Klima/Nachhaltigkeit : Thomas Faltin (fal)

Und wer noch immer nicht überzeugt ist, dass Rekonstruktion ein gangbarer Weg ist, den führt Patrik Brummermann von der Baustelle einfach ein paar Meter hinüber zum Römerberg. Gegenüber dem Rathaus stehen vier wunderschöne alte Fachwerkhäuser, mit Souvenirläden und Cafés und Begonien am Fenster. Was aber fast keiner mehr weiß: sie wurden in den 1980er Jahren neu gebaut, es gibt kaum einen originalen Stein. Doch längst sind sie das meistfotografierte Objekt in Frankfurt.

 

Manches an diesem Projekt wirkt fast zu schön, um wahr zu sein, vor allem wenn man mit Stuttgarter Brille auf Frankfurt blickt. So gibt es seit der Planungswerkstatt keinen grundsätzlichen Dissens mehr über das Vorhaben; nur an manchen Einzelfragen, wie dem Bau eines Veranstaltungshauses direkt über römischen und frühmittelalterlichen Mauerresten, scheiden sich die Geister. Dabei blieben die Reste natürlich sichtbar. Der Verkauf der Häuser läuft ebenfalls sehr gut – sie müssten nicht einmal Anzeigen schalten, sagt Thielemann. Viele suchten bewusst den historischen Charme des Viertels und seien bereit, am Entstehen dieses Charmes mitzuwirken. Ein Ehepaar plant zum Beispiel, im Erdgeschoss eine Apotheke einzurichten – und recherchiert in Museen, um ihre Apotheke nach altem Vorbild ausstatten zu können.

Standard von Passivhäusern

Damit das Viertel nicht nur eine tote Kulissenlandschaft wird, hat die Stadt auch dem Wohnen größte Bedeutung zugemessen: Fast zwei Drittel der 21 000 Quadratmeter Bruttogeschossfläche werden sich in Wohnungen verwandeln; der Rest gehört dem Kleingewerbe, der Gastronomie und der Kultur. An diesem Punkt haben die Planer auch den einzigen, allerdings gewaltigen Kompromiss gemacht: Das Innere der Häuser ist nirgendwo historisch, sondern an heutige Bedürfnisse angepasst. Mehr noch: die Stadt Frankfurt hat sich vor einiger Zeit selbst zur Auflage gemacht, bei kommunalen Projekten den Standard von Passivhäusern zu erreichen. Das gelingt fast, sogar bei den Fachwerkhäusern.
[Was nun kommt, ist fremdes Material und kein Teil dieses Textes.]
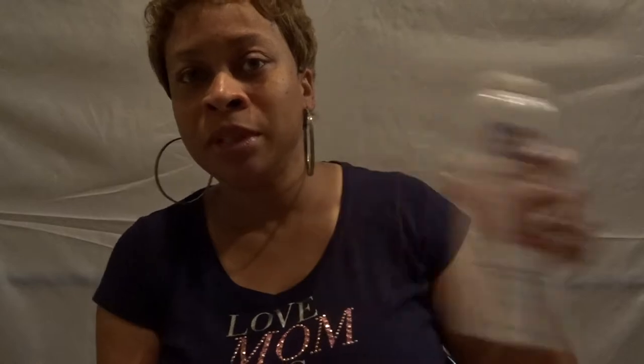All I did to style it was put some Carefree Instant Activator in it, a little bit of mousse, and I sprayed it with some water. I just put my fingers through it and played with it. On the sides, I did gel them down a little bit.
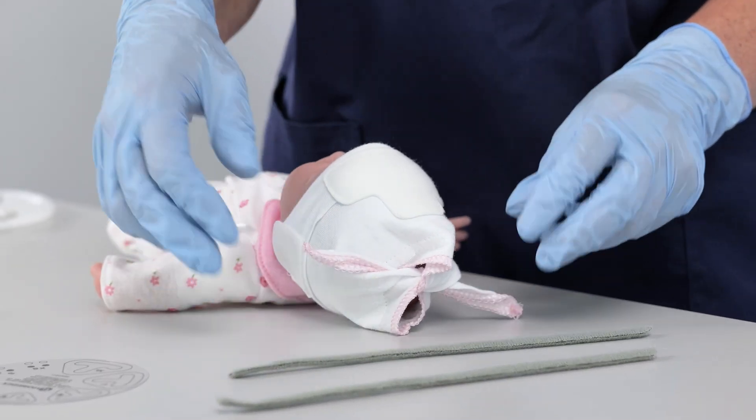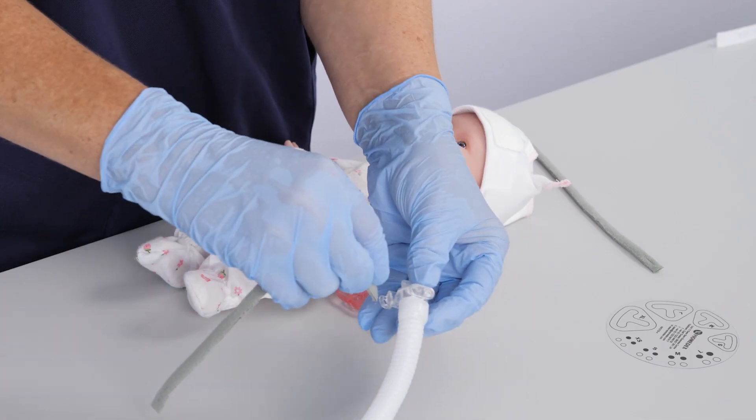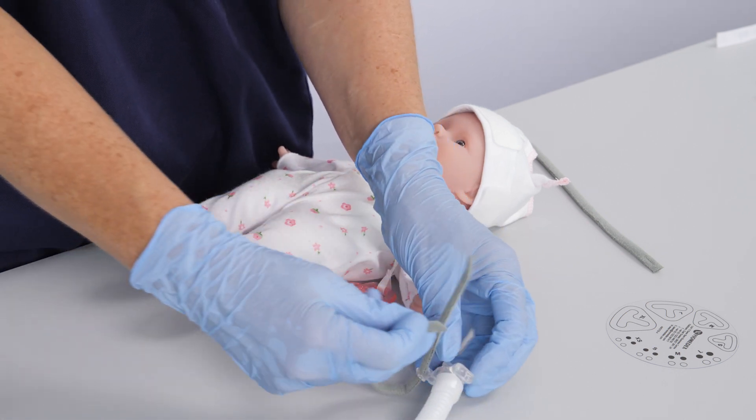Thread the grey ribbon through the generator on either side. Secure by pulling through the slit located on the other end of the ribbon, ensuring the knot is facing away from the patient.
Rund 130 Millionen Euro investiert Frankfurt in das Viertel; ein großer Teil wird nach dem Verkauf der Häuser aber in die Stadtkasse zurückfließen. Viele andere Städte hätten dagegen Angst, für ein ähnliches Projekt in der Fachwelt gescholten zu werden für ein epigonenhaftes und rückwärtsgerichtetes Bauen. Frankfurt besitzt diese Furcht nicht. Warum auch? Wer vom Römer hinunter zum Main schlendert, sieht am Stadtrand ein Doppelhochhaus in den Himmel wachsen, einen Koloss auf zwei Beinen. Herkunft und Zukunft – Frankfurt am Main baut gerade an beidem.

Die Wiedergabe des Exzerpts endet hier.